- EXERCISE PROMPT -
Everything from the line with "Techno Earrings" down to the line with "Photo 1 of Portable" below must be printed exactly, those two lines included. Exclude pictures.

- EXERCISE INPUTS -
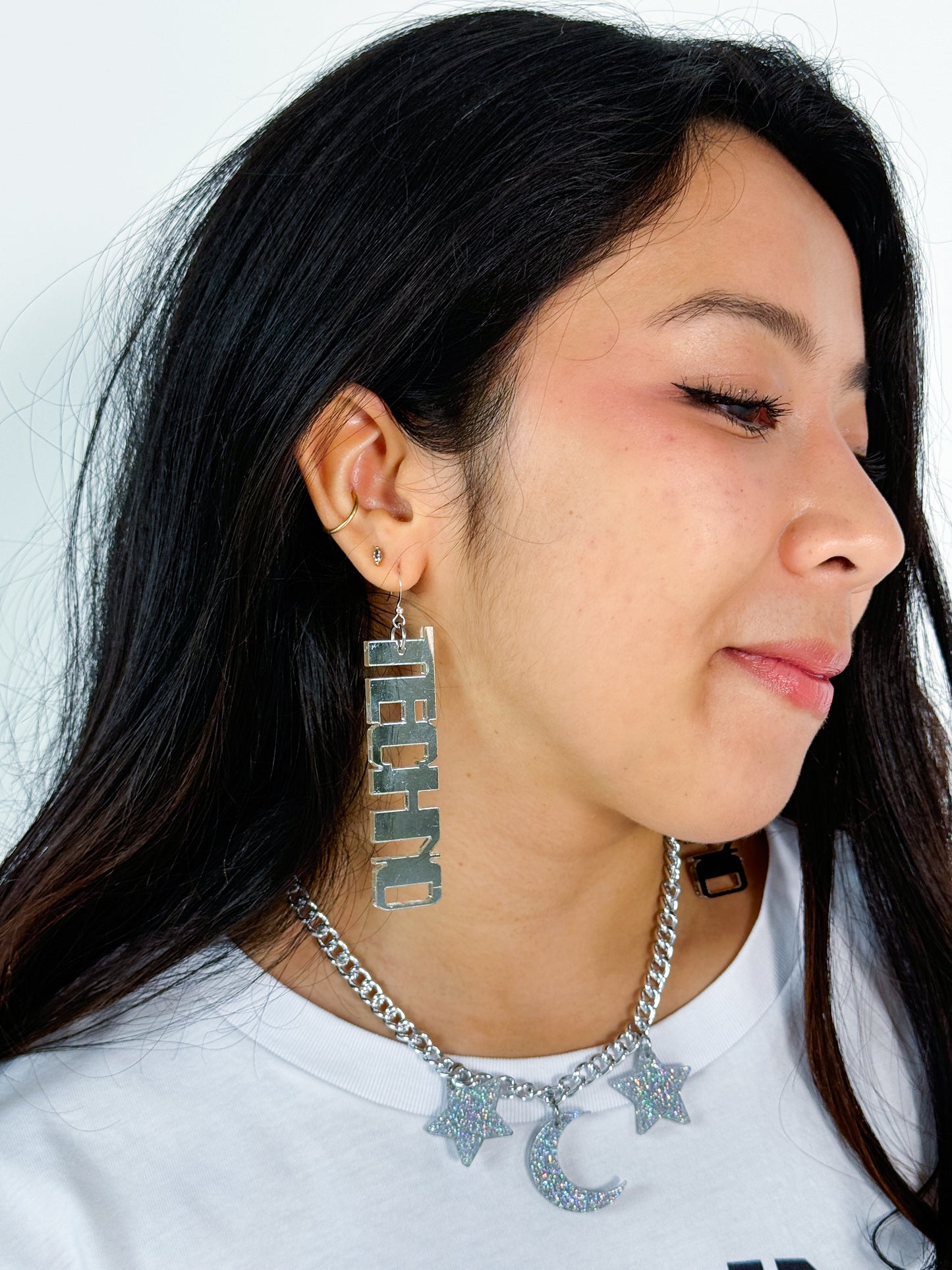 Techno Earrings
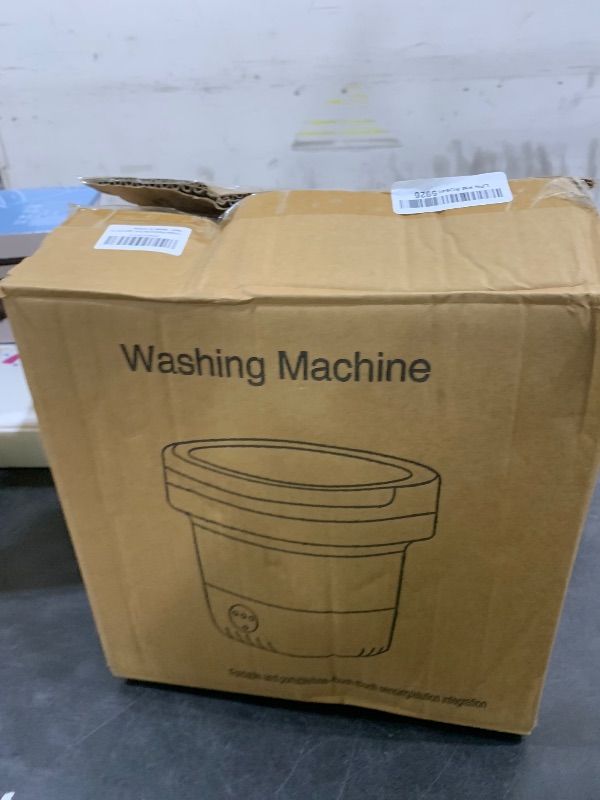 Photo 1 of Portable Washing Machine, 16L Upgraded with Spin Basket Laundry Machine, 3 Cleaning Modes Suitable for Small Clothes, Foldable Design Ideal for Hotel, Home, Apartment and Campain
---
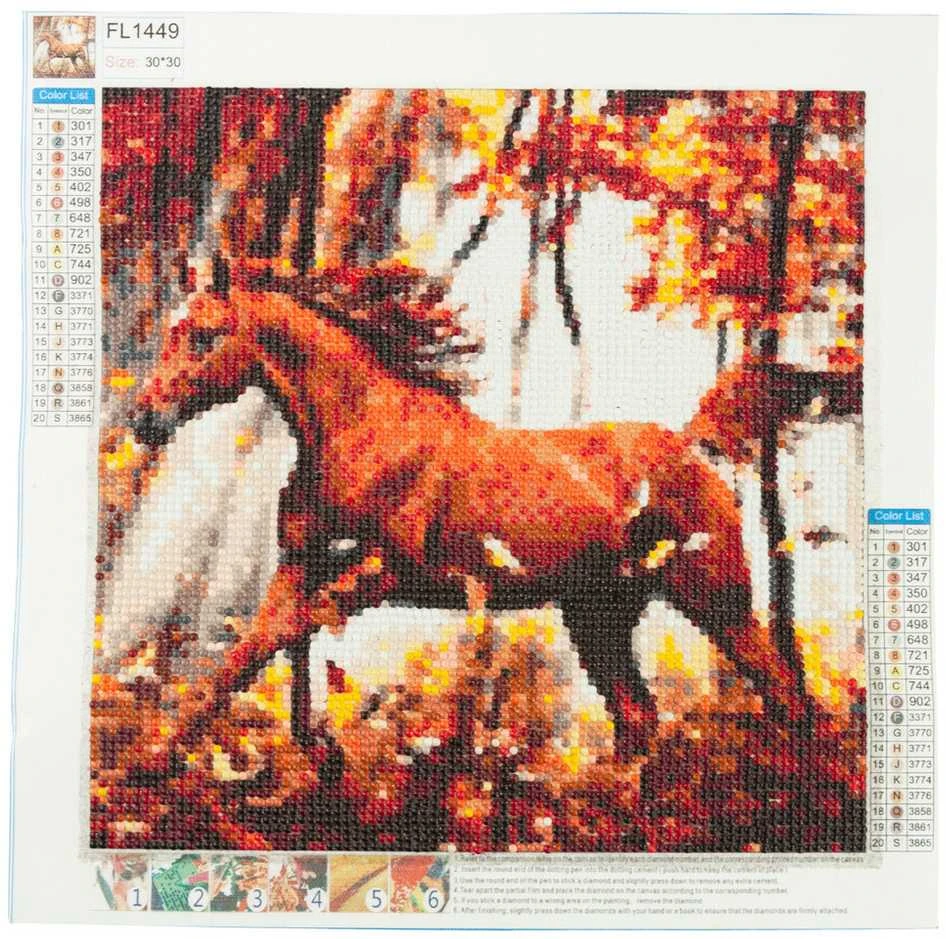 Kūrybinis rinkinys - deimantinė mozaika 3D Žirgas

- TASK RESULT -
 Techno Earrings
 Photo 1 of Portable Washing Machine, 16L Upgraded with Spin Basket Laundry Machine, 3 Cleaning Modes Suitable for Small Clothes, Foldable Design Ideal for Hotel, Home, Apartment and Campain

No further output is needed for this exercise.